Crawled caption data
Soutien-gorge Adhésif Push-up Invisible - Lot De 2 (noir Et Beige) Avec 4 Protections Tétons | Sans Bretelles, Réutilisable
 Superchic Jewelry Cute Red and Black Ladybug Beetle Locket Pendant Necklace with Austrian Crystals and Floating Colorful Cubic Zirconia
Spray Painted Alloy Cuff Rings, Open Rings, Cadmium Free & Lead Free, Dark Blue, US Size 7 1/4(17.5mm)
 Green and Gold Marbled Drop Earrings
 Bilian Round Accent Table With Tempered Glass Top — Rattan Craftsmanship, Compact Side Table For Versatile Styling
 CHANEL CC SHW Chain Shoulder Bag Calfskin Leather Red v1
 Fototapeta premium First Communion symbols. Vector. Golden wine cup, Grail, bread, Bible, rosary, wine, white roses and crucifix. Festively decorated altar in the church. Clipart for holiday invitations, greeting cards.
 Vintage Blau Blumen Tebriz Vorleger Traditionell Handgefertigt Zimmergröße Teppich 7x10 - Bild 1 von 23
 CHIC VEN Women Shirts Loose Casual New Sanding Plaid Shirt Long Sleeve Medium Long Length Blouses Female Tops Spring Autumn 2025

» **Required action**
What is needed is an exact copy of the lines from the one containing "Superchic Jewelry Cute" through the last line of the records, and nothing else.

» **Response for this exercise**
 Superchic Jewelry Cute Red and Black Ladybug Beetle Locket Pendant Necklace with Austrian Crystals and Floating Colorful Cubic Zirconia
Spray Painted Alloy Cuff Rings, Open Rings, Cadmium Free & Lead Free, Dark Blue, US Size 7 1/4(17.5mm)
 Green and Gold Marbled Drop Earrings
 Bilian Round Accent Table With Tempered Glass Top — Rattan Craftsmanship, Compact Side Table For Versatile Styling
 CHANEL CC SHW Chain Shoulder Bag Calfskin Leather Red v1
 Fototapeta premium First Communion symbols. Vector. Golden wine cup, Grail, bread, Bible, rosary, wine, white roses and crucifix. Festively decorated altar in the church. Clipart for holiday invitations, greeting cards.
 Vintage Blau Blumen Tebriz Vorleger Traditionell Handgefertigt Zimmergröße Teppich 7x10 - Bild 1 von 23
 CHIC VEN Women Shirts Loose Casual New Sanding Plaid Shirt Long Sleeve Medium Long Length Blouses Female Tops Spring Autumn 2025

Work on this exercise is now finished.